Histoire du Château

La terre de Nesles avait suivi la destinée de celles de Fère-en-Tardenois et de Braine, anciennes possessions mérovingiennes passées à l'archevêché de Reims puis aux comtes de Champagne, et enfin aux sires de Baudement.

En 1152, Agnès de Baudement, comtesse de Braine, épouse Robert de France, comte de Dreux, fils cadet du roi Louis VI ; Leur fils Robert II fait construire le château de Fère-en-Tardenois au tournant du XIIème siècle, et leur petit-fils Robert III, comte de Dreux et de Braine, dit "Gâteblé", fait construire une "maison forte" à Nesles en 1226, ainsi qu'en atteste le "permis de construire" donné par le comte Thibaud de Champagne (document en latin).

  

Pour cette édification, le comte de Dreux prit pour modèle le château royal de Dourdan (Essonne), construit pour Philippe Auguste quelques années plus tôt.

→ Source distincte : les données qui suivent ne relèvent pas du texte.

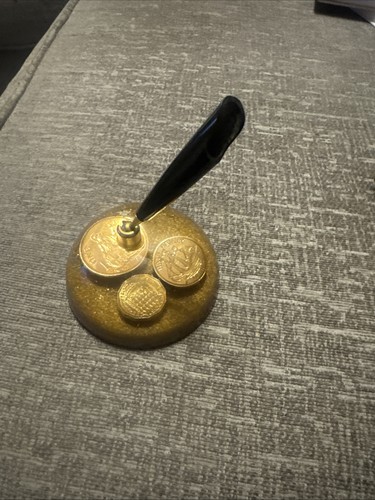 Vintage pen holder - vintage,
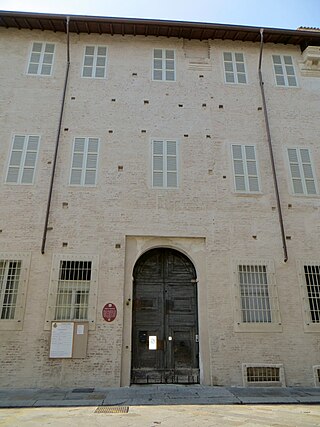 <span class="mw-page-title-main">Palazzo Tarasconi, Parma</span>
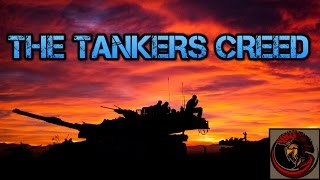 The Tankers Creed - Armored Honor And Respect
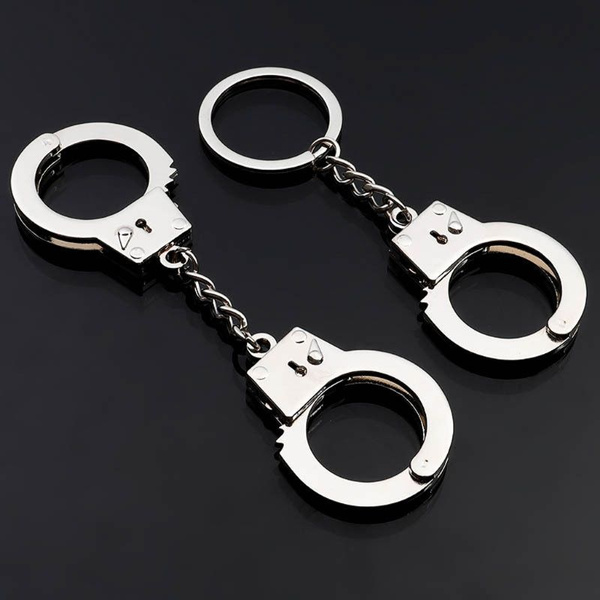 handcuffs keychain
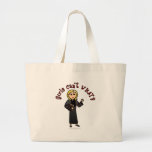 Blonde Pastor Girl Canvas Bags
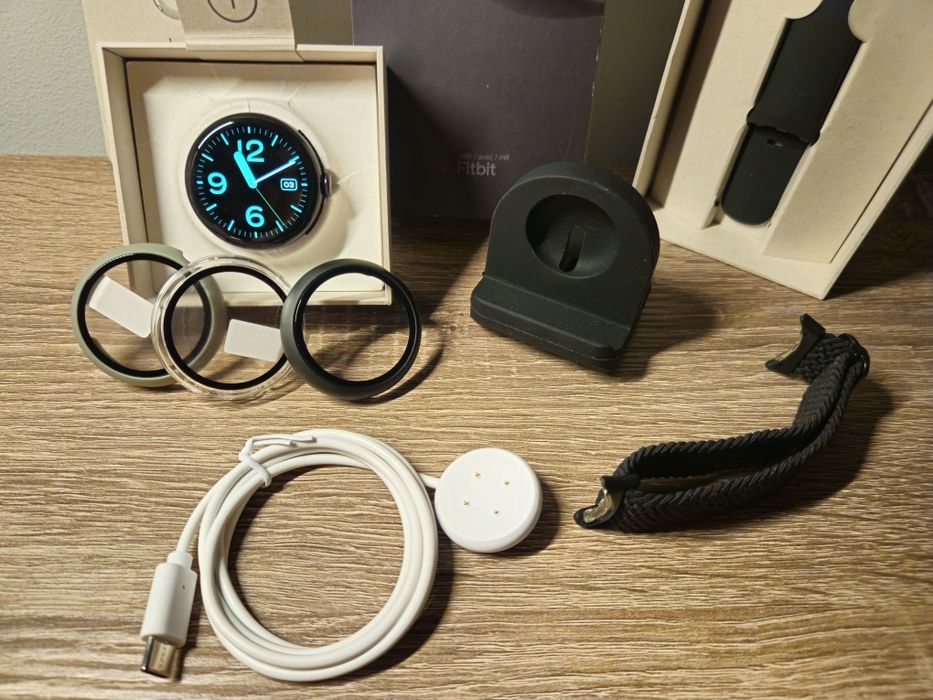 Google Pixel Watch 3 | 41мм | Ідеальний стан | Комплект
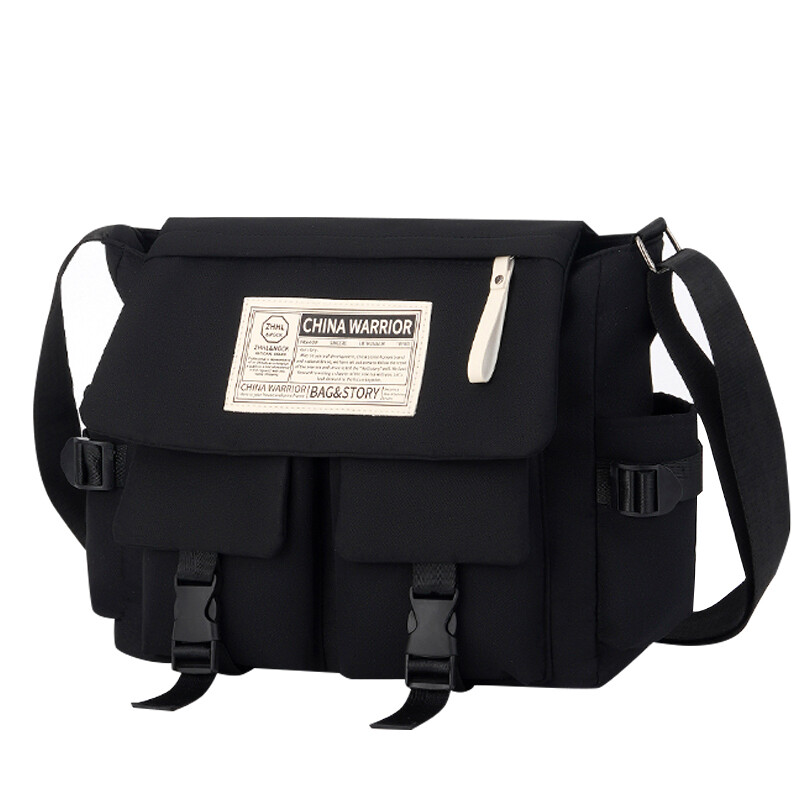 Сумка через плечо унисекс WARRIOR, Белый 
Сумка через плечо унисекс WARRIOR, Белый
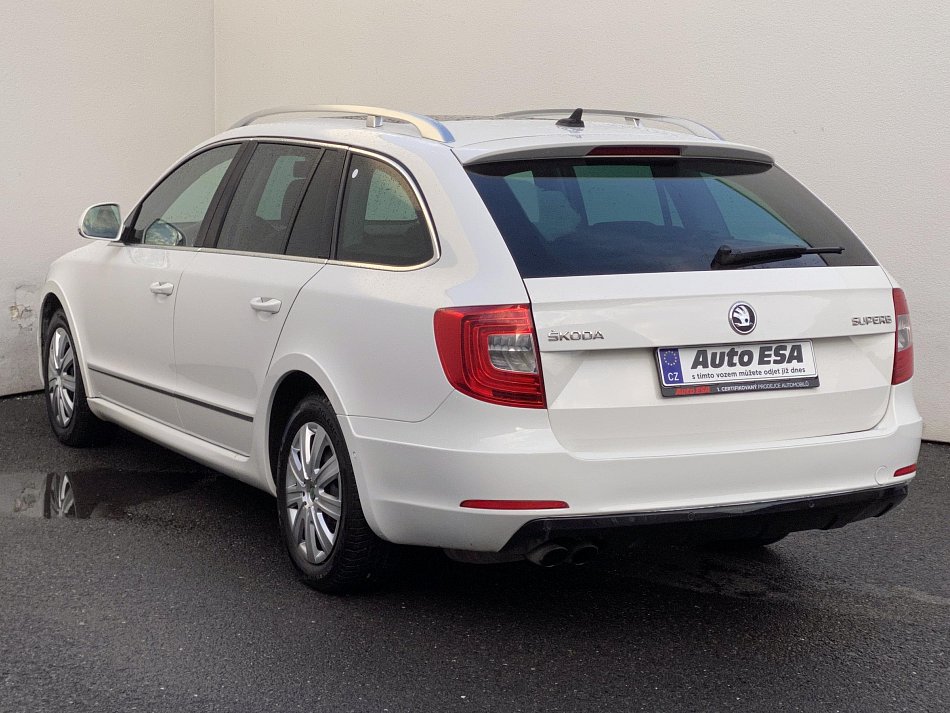 Škoda Superb II 2.0 TDI L&K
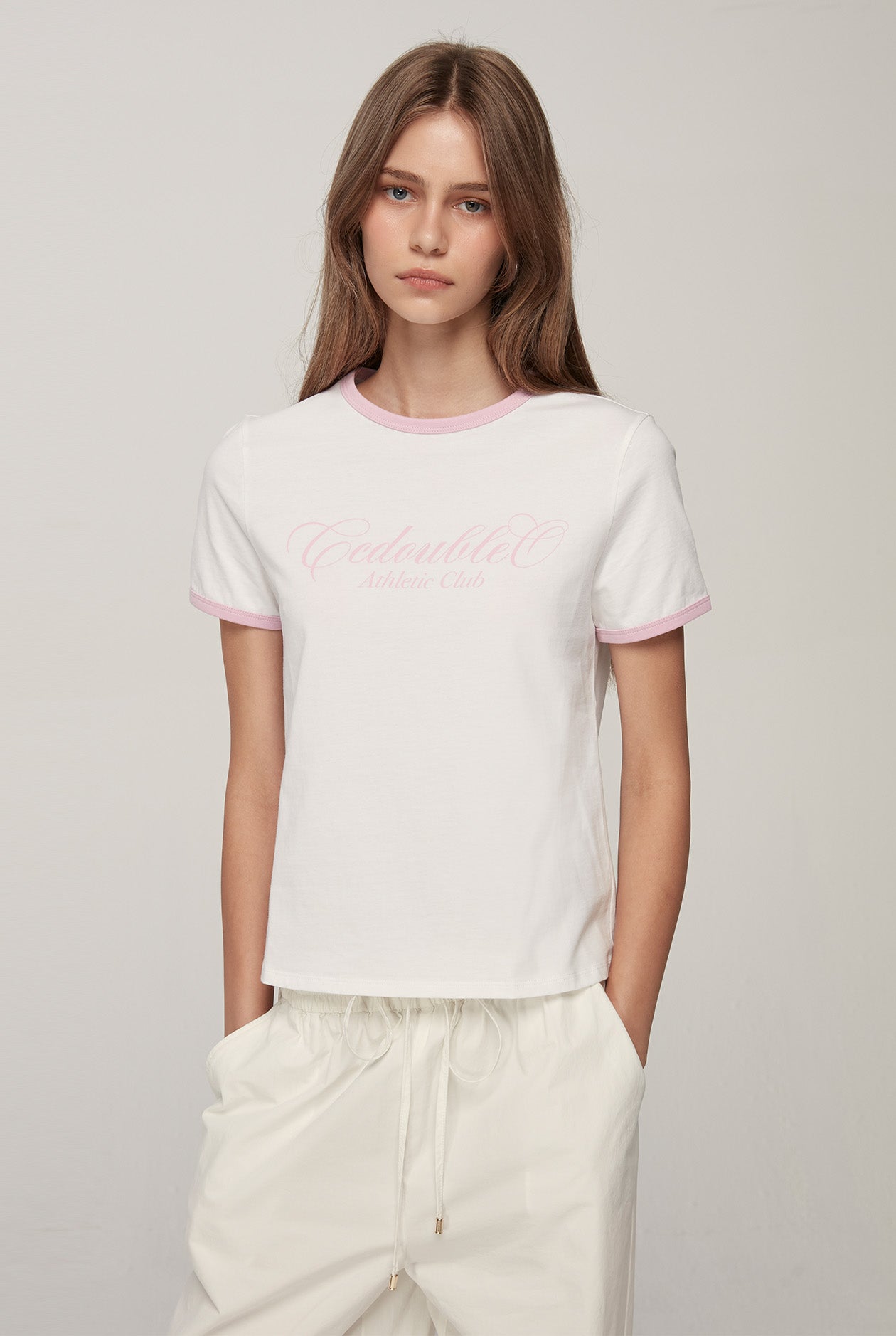 LOGO RINGER TEE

C’est un des exemples les plus parfaits subsistant en France de l’architecture militaire de cette époque, dite « philippienne ».

 

 

Après les comtes de Dreux, Nesles entre dans la puissante maison de Châtillon, par le mariage d'Isabeau de Dreux en 1280 avec le célèbre Gaucher de Châtillon, connétable de France sous 5 rois successifs. Leurs descendants le cèdent vers 1370 à Jehan II de la Personne, vicomte d'Acy, sénéchal de Saintonge, chambellan du roi Charles VI, ancien compagnon de Du Guesclin et 1er gouverneur de la Bastille en 1385.

 

Durant la guerre de Cent ans le château, repère des « Armagnacs », est assiégé par les anglais pendant près de 3 ans (1421 à 1423). L'acte de reddition au comte de Salisbury, rédigé en latin, est conservé à la Bibliothèque Nationale.

 

En 1435, Guillaume de Flavy, capitaine de Compiègne accusé d’avoir trahi Jeanne d’Arc, épouse la jeune héritière des vicomtes d'Acy, de 30 ans sa cadette, et devient seigneur de Nesles. Homme de guerre féroce et sans scrupules, il s’empare du maréchal de France Pierre de Rieux qui meurt au château après neuf mois de captivité (1439).  Flavy y est lui-même assassiné par ordre et sous les yeux de sa propre femme en 1449…qui épouse peu après son amant et complice Pierre de Louvain, un ancien routier devenu capitaine du roi à Soissons. Ils sont brièvement emprisonnés pour ce meurtre mais obtiennent des lettres de rémission de Charles VII. Louvain est cependant pourchassé pendant 15 ans par les redoutables frères de Guillaume de Flavy et sauvagement assassiné  en 1464 par Raoul, le plus cruel d'entre eux.

 

L'histoire ne s'arrête pas là, car la jeune châtelaine de Nesles se remarie une 3ème fois avec Pierre Puy, maître des requêtes au parlement. Voulant s'approprier le château, il subit à son tour la vindicte de ses beaux-fils Louvain, qui le séquestrent "entre deux huis" dans le donjon, ne le libérant qu'après l'avoir dénoncé comme traître à Louis XI : il sera incarcéré pendant 7 ans.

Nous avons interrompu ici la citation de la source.